Tuesday, September 9, 2008

Staubige Welt

Qatar - Stein, Staub und Sand

Immer noch ein bisschen überwältigt vom trockenen Land unweit der Arabischen Halbinsel, der Perle im Persischen Golf. Hier gibt es alles, nur kein kaltes Leitungswasser! In den Tanks auf den Dächern kommt das Wasser bei Außentemperaturen bis zu 40 Grad Celsius zum Brodeln und ergießt sich mit erbarmungsloser Wärme aus Doha's Wasserhähnen. Schnell lernt man bei der schneidenden Hitze, nicht ohne eine Flasche Trinkwasser aus dem Haus zu gehen. Während des heiligen Ramadan ist Essen und Trinken tagsüber in der Öffentlichkeit jedoch generell nicht gestattet. Auch alle Geschäfte und Restaurants haben während des heiligen Monats tagsüber geschlossen. Erst lange nach Sonnenuntergang füllen sich die Straßen und Plätze. Und dann wimmelt es auch in den klimatisierten Malls an stolzen Scheichs und verhüllten Frauen. Hier gibt es alle Annehmlichkeiten, die das moderne Leben zu bieten hat. Ein bisschen erinnert der Lebensstil an die USA: pompös, schnelllebig, verschwenderisch, rücksichtslos.
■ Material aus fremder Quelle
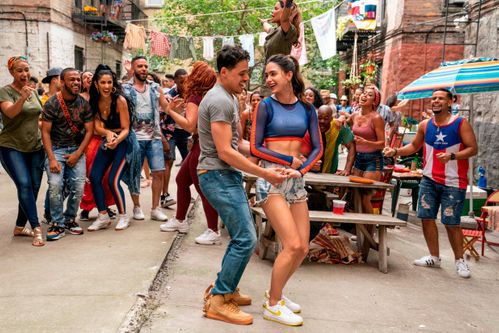 Lin Manuel Miranda Sorry ‘in The Heights’ ‘fell Short’ On Representing Dark Skinned Afro Latinos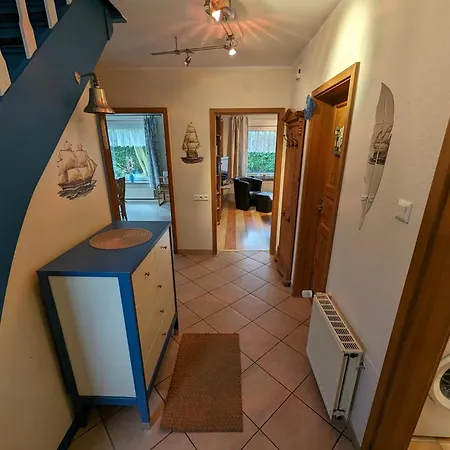 Haus Piratenperle - Hooksiel Holiday home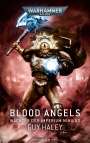 Guy Haley: Warhammer 40.000 - Blood Angels - Wächter des Imperium Nihilus, Buch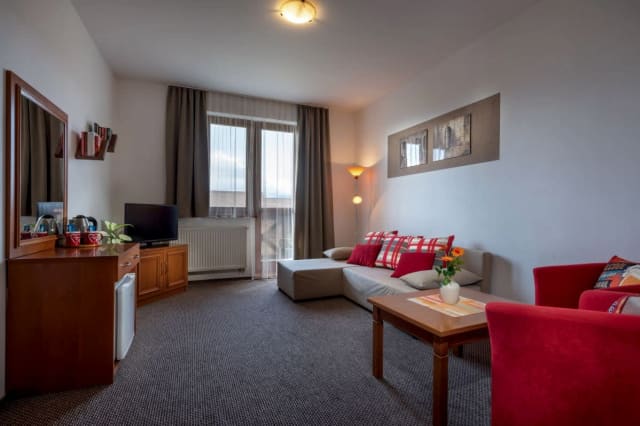 Penzión Maravar - Apartmán Chopok – Liptovský Trnovec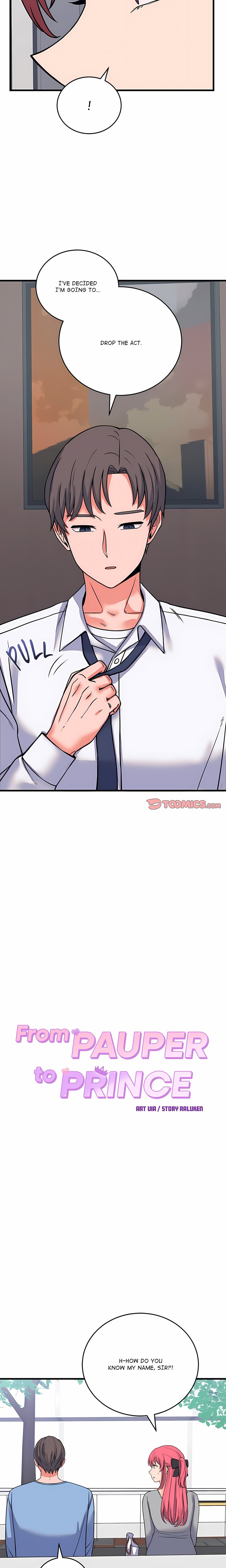 18+ From Pauper to Prince (Uncensored) Chapter 60 page 2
Ein Ausflug in die Wüste wird zum einmaligen Erlebnis. Im Jeep-Konvoi fahren wir zunächst bis zum Rand der Wüste, wo von den Reifen Luft abgelassen wird. In teils waghalsig anmutenden Fahrexperimenten rasen wir auf eine Sanddüne zu und den Berg hinauf, bis der Fahrer das Lenkrad rumreißt, um den Jeep in ungewöhnlich steiler Neigung zurück zum Ausgangspunkt gleiten zu lassen. Ein wenig stockt der Atem schon, auch wenn die Jeeps angeblich nicht umfallen können. Spieldünen nennen sie das! Wunderschöne Landschaften offenbaren sich - soweit das Auge reicht nur Sand und hin und wieder ein Fetzen vom Persischen Golf, der bei einem Bad allerdings ebenso wenig Abkühlung bietet.
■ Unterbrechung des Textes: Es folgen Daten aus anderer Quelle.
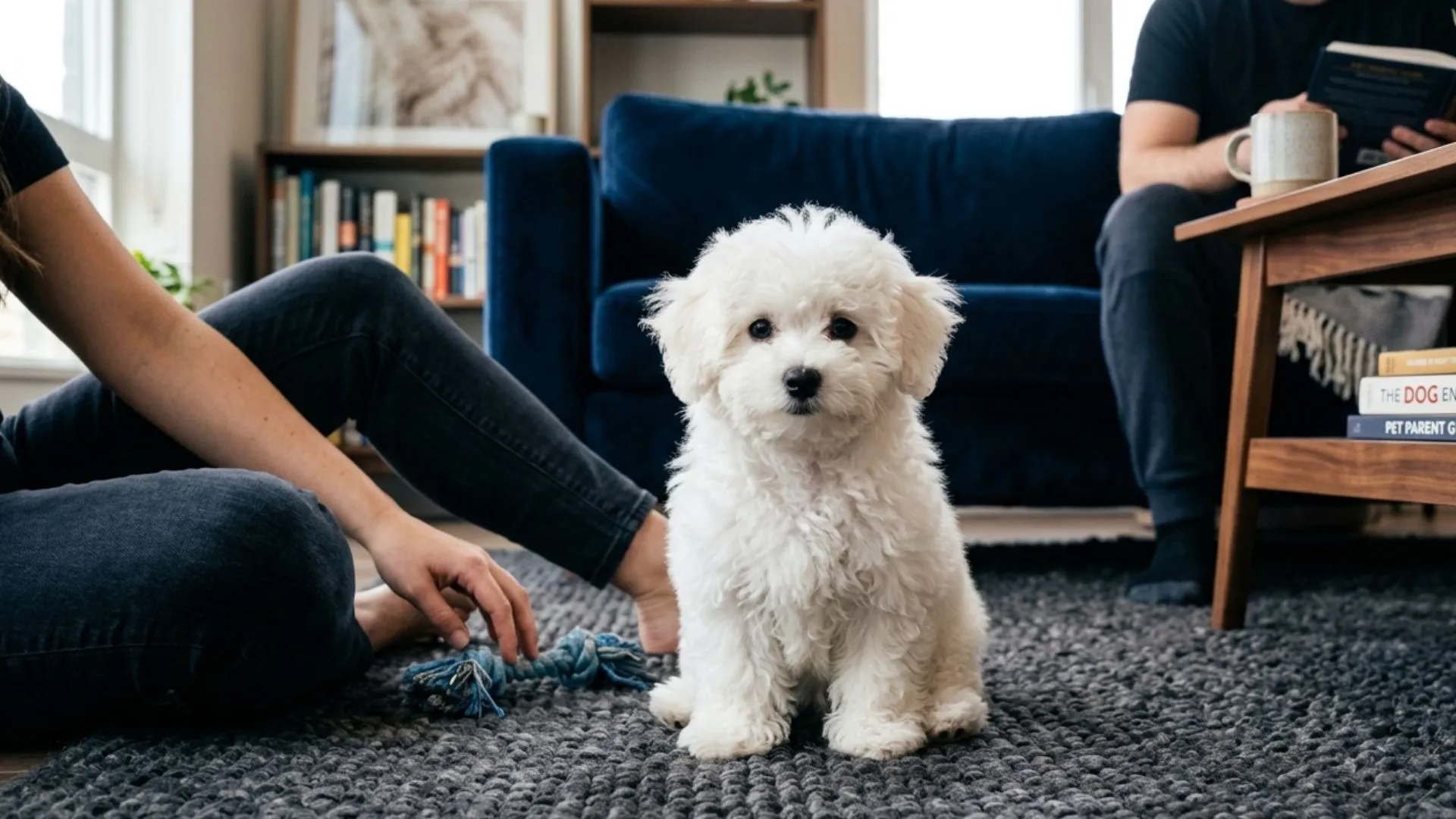 7 Cozy Dog Breeds Perfect For New Pet Parents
Auf dem Rückweg kreuzen ein paar Arabische Kamele unseren Weg, die querfeldein durch die Stein- und Staubwüste traben. Aus der Nähe betrachtet erscheinen sie groß, aber liebenswürdig. Sie lassen sich die Foto-Session gern gefallen und ziehen dann weiter. Ein bisschen Glück tragen sie wohl unter ihrem Höcker!